Anónimo ha dicho que…
¿Cuántas entregas serán?
Camilo Jiménez ha dicho que…
La entrevista es bastante extensa, y quiero evitar posts muy largos. Seguirán más o menos de esta extensión, y calculando, faltan al menos cuatro entregas. Espero poder hacerlas diario, para no dilatar mucho esto y continuar con los comentarios sobre libros y el fusilamiento de textos de ficción.
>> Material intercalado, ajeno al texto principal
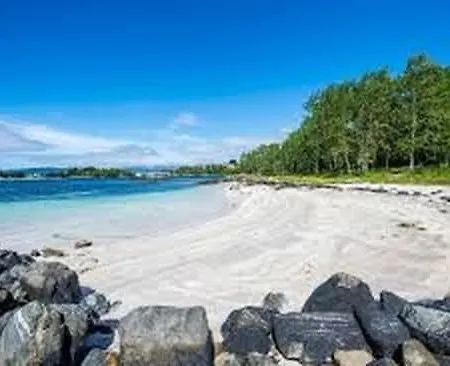 Leilighet Panoramic View & Comfort Ålesund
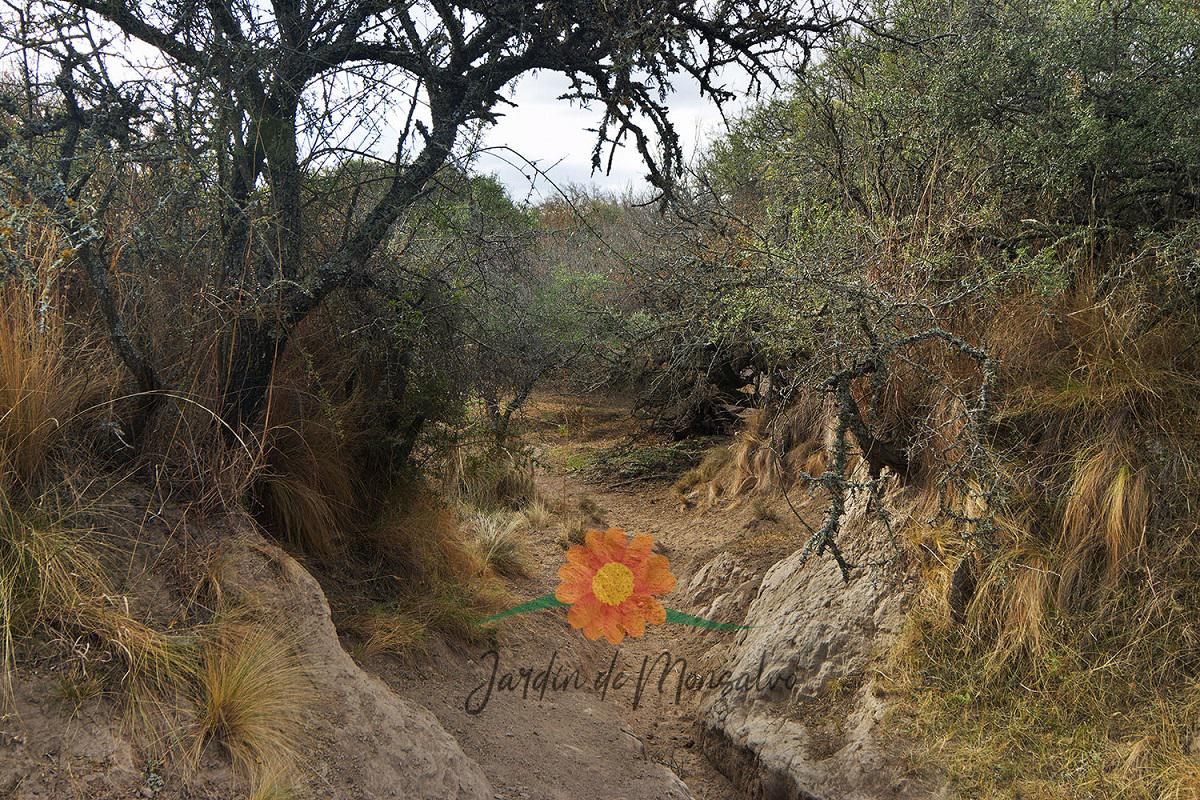 jardín de monsalvo reserva privada calamuchita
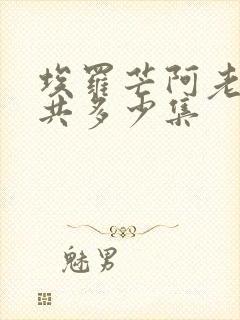 埃罗芒阿老师一共多少集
Pero creo que la empresa vale la pena: poner ahí, al alcance de cualquiera, este ejemplo de entrevista en pronfundidad y claridad —o al menos sinceridad— en el oficio de escritor. Qué pereza las entrevistas que hacen periodistas que no hacen la tarea, y rellenan espacio con esos vagos "Y usted qué opina de...".
Anónimo ha dicho que…
Uy, no señor estas no son entregas: son como golpes que viene a aporrear la puerta. Menos mal no me han cogido en pijama.

Saludos.
P.D. ¿has mirado la programación de Bogotá 39? Me estoy preguntando por qué no está aquí Mario Bellatin. De todas maneras (rosas, claro) estoy bien contento con la tremenda metida de hombro que han hecho por el libro, la lectura, los escritores este año....
Anónimo ha dicho que…
El ritmo está muy bien. Linda la entrevista, además. Hemingway era muy divertido y Plimpton sabía preguntar. Aunque se nota que padeció esta.